As the investigation into the terrorist attack in Be'er Sheva continues, one conclusion has already been reached -- the policy of confiscating the weapon belonging to a civilian who fired on a terrorist will be adapted.
Since his release from prison, the terrorist who killed four people in Be'er Sheva on Tuesday, Muhammad Abu-al-Qi'an, was under the supervision of the GSS (Shabak) and there were allegedly no warning signs that he was planning to carry out an attack. According to Channel 12 News, al-Qi'an's views had even undergone "moderation" since a previous conviction.
Meanwhile, Israel Police has set up a special investigative team that will examine the police protocol in such incidents. Among the questions to be answered is why it took so long for security forces to grasp the extent of the incident. Initial reports referred to a suspected assault, or a brawl or violence -- only after four minutes had passed did the report of a terrorist attack filter through. The investigative team will submit its findings in the coming days to the Southern District Police Chief.

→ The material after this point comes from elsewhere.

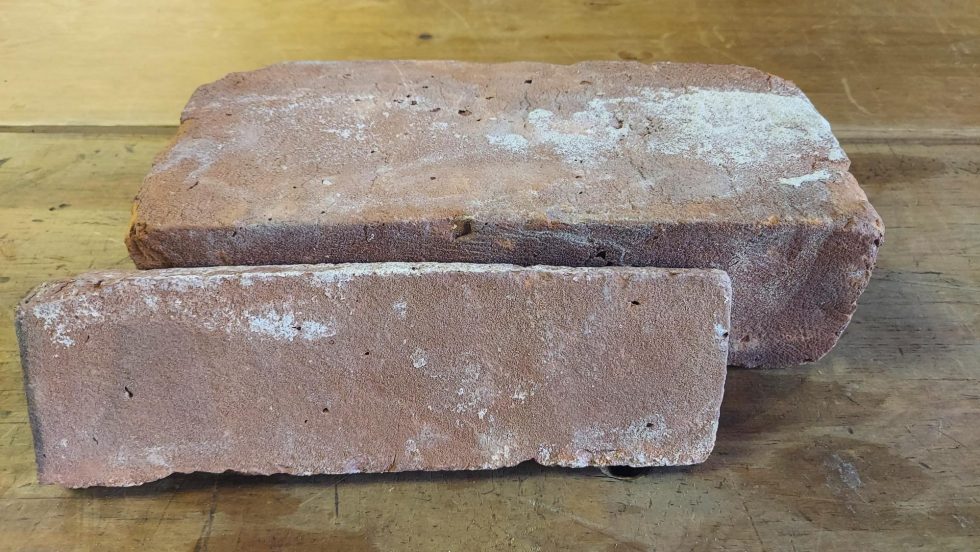 A sample of New England mill blend reclaimed face brick, with a thin veneer piece in front of it.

One change that has already been decided upon is that of the protocol for a civilian who fires on a terrorist. Police came under intense criticism in this week's incident for confiscating the weapon of the bus driver who killed Abu al-Qi'an; attorney Adi Kedar of Honenu, who is representing the driver, Arthur Haimov, told media that:
"Police are refusing to return the firearm to the citizen who neutralized the terrorist despite his fears with his picture appearing [in all media outlets], and even his address revealed to the public.
"My client was shocked when he was told to hire a private security firm [if he was afraid for his wellbeing]. The disgraceful treatment of the police only reinforces the lack of deterrence they, themselves, have created. The situation is getting out of hand and we demand they return his weapon tonight," Kedar continued.
Police have now decided on a new procedure, whereby after taking the citizen's weapon for examination, the civilian shooter will be escorted by police to his home, and he will also be provided with an alternative weapon. The issue of temporary licensing will also have to be resolved.
According to a report in Channel 12 News, however, the new policy will only apply to civilian shooters who have actually neutralized terrorists.